After the nation of Judah was conquered by the Babylonians, King Zedekiah had been forced to watch his sons be executed and then his eyes were put out so the last thing he saw was something gruesome. It might be a fitting irony if one of the first things Bartimaeus saw was equally tragic – the death of Jesus. Perhaps it was then that he fully understood just who Jesus was.
"I once was blind but now I see," or do we too need to sing, "I once was blind and still can't see?" However acute our physical sight may be, the truth is that many of us have limited spiritual vision. We have become accustomed to looking for Jesus in a few standards places – at church, in the "good" people we already know. I certainly hope that Jesus is here! And Jesus often comes to us in unexpected ways. Most people in the first century did not recognize God among them in the wandering teacher who operated outside the rules of the day. I wonder how many times I have failed to see Jesus because he has come to me in the guise of a differently abled person walking down the street with a white cane, rolling in a wheelchair, or slowly moving with braces? I may see such people as objects of pity but the truth is that Jesus may be present in them. In such moments, though I can pass the vision test to get my driver's license, I still can't see.

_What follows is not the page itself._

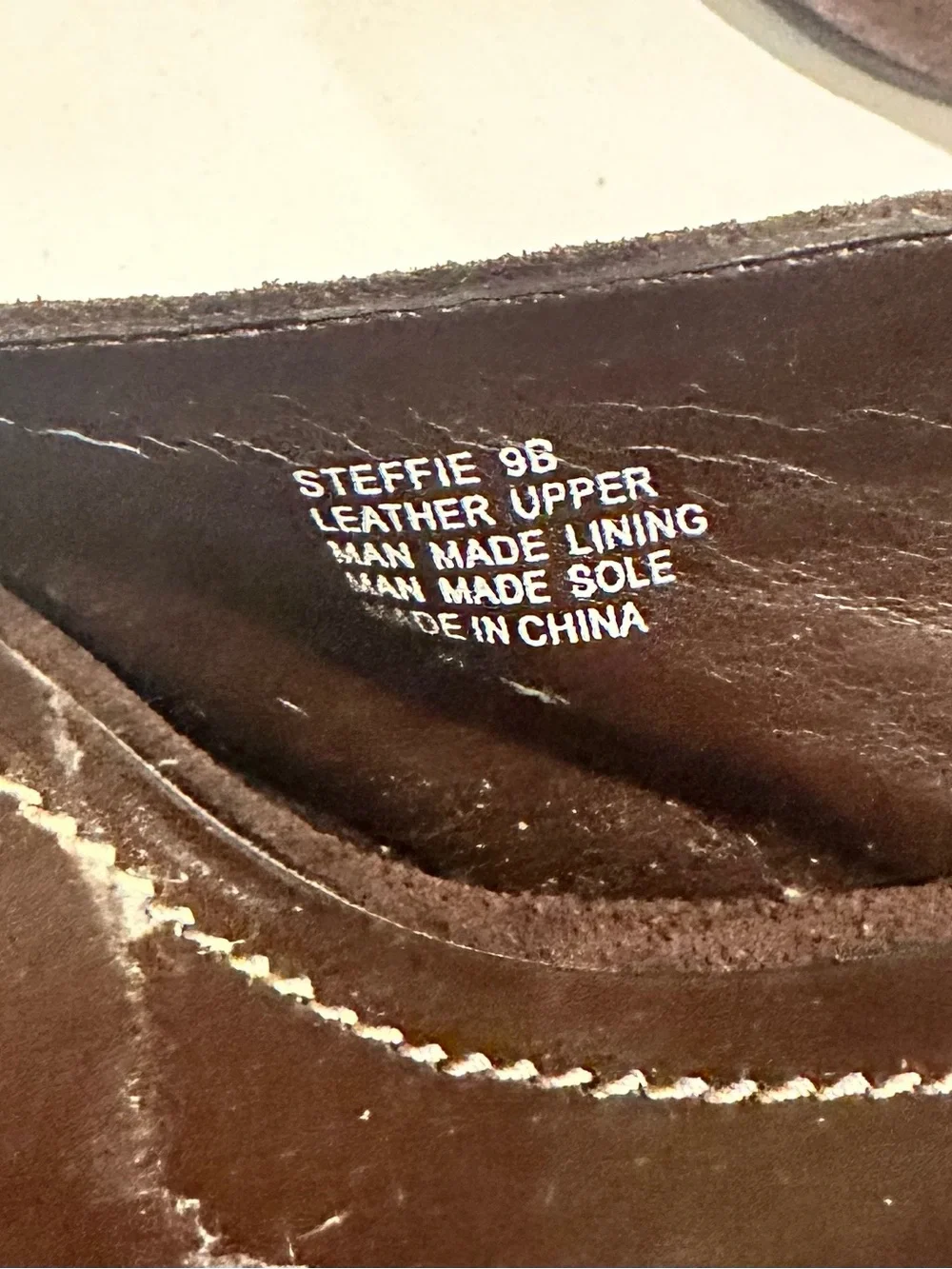 Chaps Brown Suede Pointed Slingback Loafers - Picture 4 of 5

Or perhaps it is that I look for Jesus as the conquering hero who will cure me of my ailments and I fail to recognize Jesus who heals me in a more complete way so that I learn to live as a whole person who lives with a physical challenge.
Today we come to baptize KGH. We promise to sharpen her spiritual vision as she grows by loving her, forgiving her, and teaching her. As the community of faith we vow today to be the people who bring her to Jesus, like the folks in Bethsaida who brought the blind man to Jesus, and not like the folks in Jericho who tried to keep Bartimaeus from Jesus. We will do so when we encourage her to think deeply and when we respect her questions. We will do so when we surround her with love and forgiveness now as an adorable infant and later when she runs around at coffee hour and bangs on the piano, and still later as a teenager pushing the limits. Let us teach her to see Jesus in her friends and in her enemies; let us teach her to open her eyes to God's presence in surprising ways each and every day; let us teach her to cast off her daily cares and come to Jesus.
With her, let us follow Jesus on the way, trusting that though we are blind and still can't see, Jesus can lead us forward.